Single walled carbon nanotube amplification on surfaces

PRES 57

Sean T. Pheasant, pheasant@rice.edu, Department of Chemistry, Rice University, 6100 Main Street, MS100, Houston, TX 77005, Valerie C. Moore, Valerie.Moore@uth.tmc.edu, Department of Internal Medicine, University of Texas Health Science Center at Houston, 6770 Bertner Avenue THI C964A, Houston, TX 77030, Robert Hauge, Hauge@rice.edu, Smalley Institute for Nanoscale Science and Technology, Rice University, 6100 Main Street, MS100, Houston, TX 77005, and Richard E. Smalley, Department of Chemistry, Smalley Institute for Nanoscale Science and Technology, Rice University, 6100 Main Street, MS 100, Houston, TX 77005.

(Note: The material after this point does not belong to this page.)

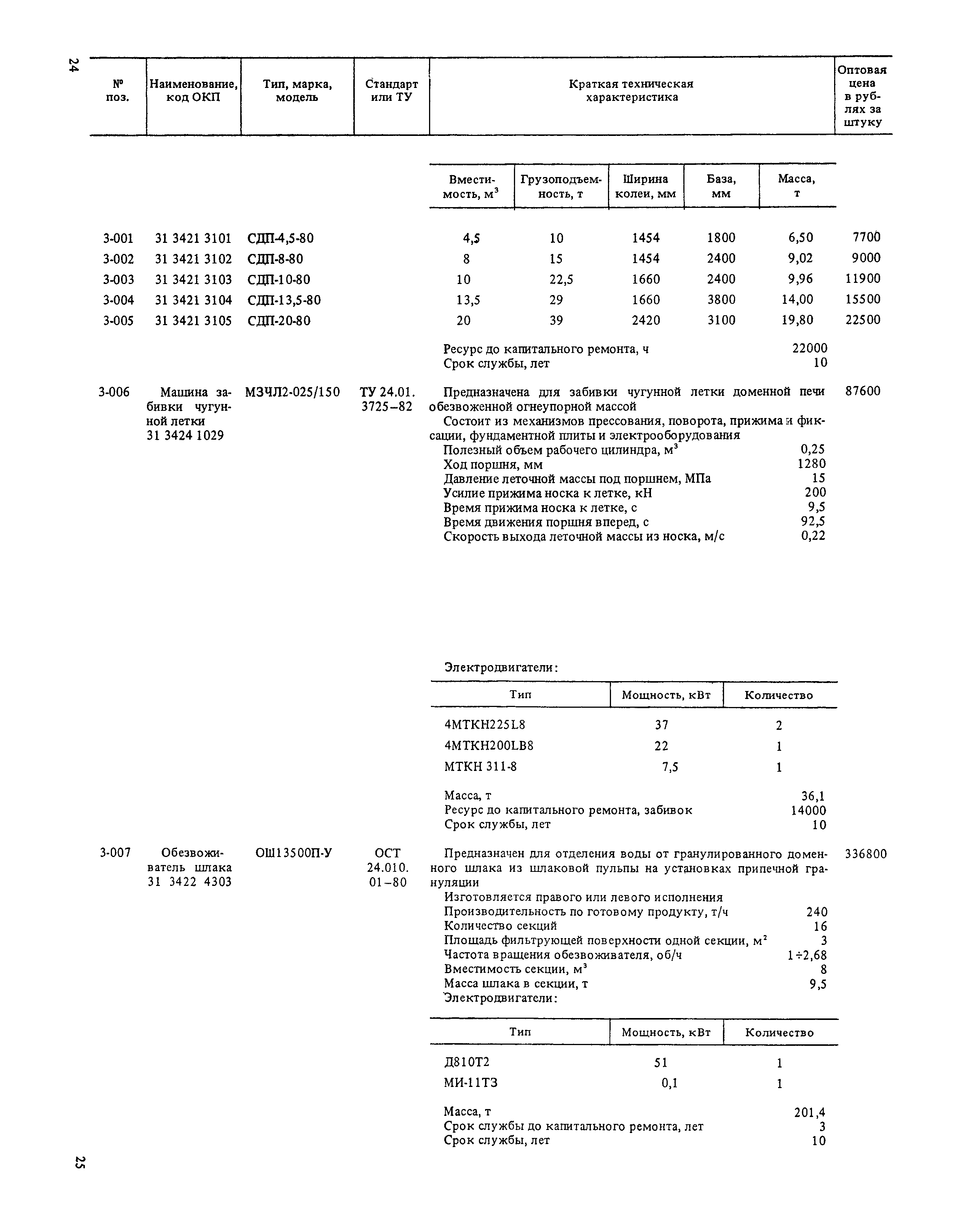 Прейскурант 19-01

Current methods of producing single-walled carbon nanotubes (SWNTs) cannot create a batch of tubes of a single chirality. A way to make such a batch is to sort out SWNTs of a particular chirality and put them into a reactor to be used as templates. Experiments were done on surfaces to prove that this seeded growth is possible. Various iron nanoparticles were attached to the ends of the SWNTs in solution as a catalyst for growth. The SWNT/catalyst combination was then deposited on a surface. The surfaces used were highly oriented pyrolytic graphite (HOPG) and silicon dioxide. They were then put into a tube furnace and run at high temperatures (700-900C) while a feedstock gas was passed over them. The different feedstock gases used were carbon monoxide, ethylene and methane. While it occurred less than 1% of the time, the SWNTs deposited on HOPG were found to grow longer.